Databases and Twisted: When Threads Are OK (For Some Purposes)

Last month, a thread on the twisted-web mailing list got me thinking about a frequently implemented, but seldom understood usage of Twisted: writing applications backed by a traditional database server.  I tried to write a timely reply on the mailing list, but found what I had to say on the topic was overflowing the polite bounds of an email message.  I've tried to write about this before, buried in the middle of a post about something else.  I don't think I really got my message across, though, because I believe this was quoted as saying that I find asynchronous data-access APIs "extremely painful".  Asynchronousness is not the point that I find difficult, as much as I do transactionality (and integration with existing database bindings).

So this time, please bear with me as I explain enough context to properly frame my opinion.
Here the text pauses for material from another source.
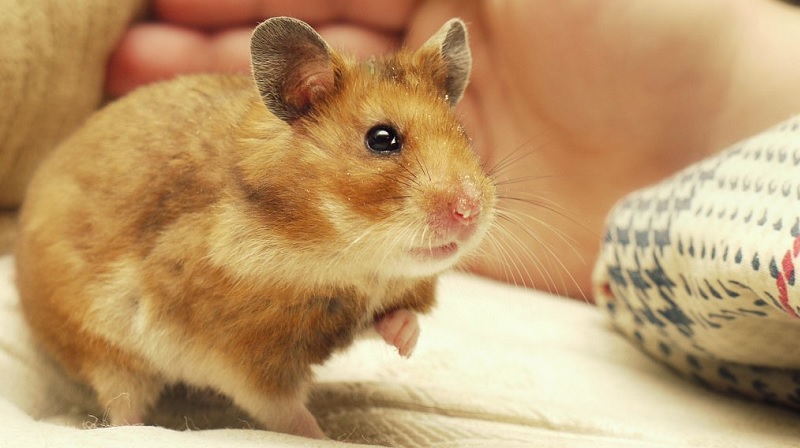Hamster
I think that concurrency is a difficult problem that affects every aspect of your code, and so it is important to have a comprehensive, consistent, and easy to understand plan to deal with it in any given system.

Twisted's "cooperatively multitasking / callbacks-scheduled-by-I/O-and-timers" idiom is one concurrency model.  Deferreds are a super important convenience mechanism in that model, but they're not completely necessary; you can do this with just dataReceived, connectionLost, callLater etc.

In general this model - let's call it something memorable, like "CM/CSBIOAT" - is a pretty easy concurrency model to work with once you know how it works.  In particular, it's pretty easy to avoid making a common variety of serious concurrency mistakes, since you don't need to remember to declare any locks, and the behavior of the system under load is unsurprising, if not necessarily ideal for performance.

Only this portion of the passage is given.